Des représailles occidentales se traduiraient par le boycottage des services financiers internationaux, la limitation des exportations technologiques vers la Russie et surtout des pertes économiques considérables : 70% des investissements en Russie proviennent de pays de l’OTAN et 80% des exportations d’énergie de la Russie sont destinés à ces pays

Roulette russe

Les pays de l’Ouest annoncent une invasion russe imminente de l’Ukraine et les séparatistes ukrainiens se dolentent d’une attaque prochaine contre eux par l’Ukraine.

Pour montrer leur solidarité, certains pays de l’OTAN envoient des armes à l’Ukraine et le Président Biden a envoyé un contingent symbolique de 3 000 soldats en Europe. Poutine ne voudra pas perdre la face et reconnaître une victoire de l’Occident s’il n’obtient pas des gains concrets. L’Occident ne voudra pas perdre la face et renoncer à son ambition d’expansion en Europe et ailleurs tout en abandonnant l’Ukraine aux Russes.

Poutine montre ses dents et veut démontrer que l’Amérique d’aujourd’hui est édentée. Une dangereuse escalade de la tension accompagne la lecture des intentions de l’adversaire.

Moscou soutient la position chinoise relativement à Taiwan et Pékin soutient la position russe relativement à l’Ukraine. Les exercices militaires conjoints russo-chinois pourraient indiquer que la Russie préfère la coopération économique et une alliance politico-militaire avec la Chine en vue d’une dédollarisation des échanges internationaux.

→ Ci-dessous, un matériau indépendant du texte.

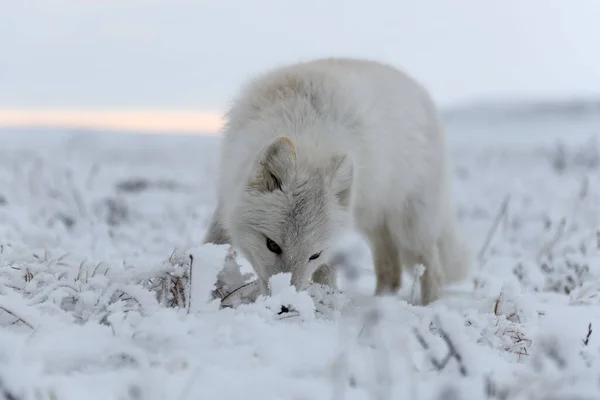 Polarfuchs Winter Der Sibirischen Tundra — Stockfoto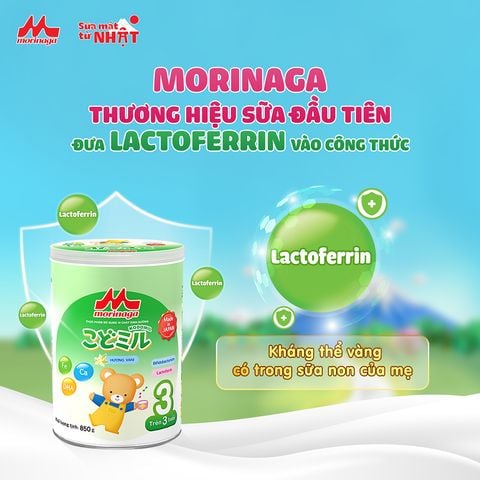 Sữa Morinaga NHẬP KHẨU Nhật Số 1, 2, 3 850g, 320g - Sữa Bột Công Thức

Or, les calculs géopolitiques ne tiennent souvent pas compte de réalités humaines : le rideau des propagandes finit par tomber. La population russe est moins dupe qu’on y pense. À moyen terme, une telle réorientation asiatique de la Russie déplairait fortement à la population russe qui a appris à apprécier la culture et le mode de vie occidental et a entrevu l’affranchissement libertaire.

Les accords de Minsk de 2014 visaient à trouver une solution pacifique pour faire cesser les hostilités au Donbass. Ces accords furent plutôt vagues et se prêtaient à l’interprétation. Il serait temps d’y mettre les points sur les i.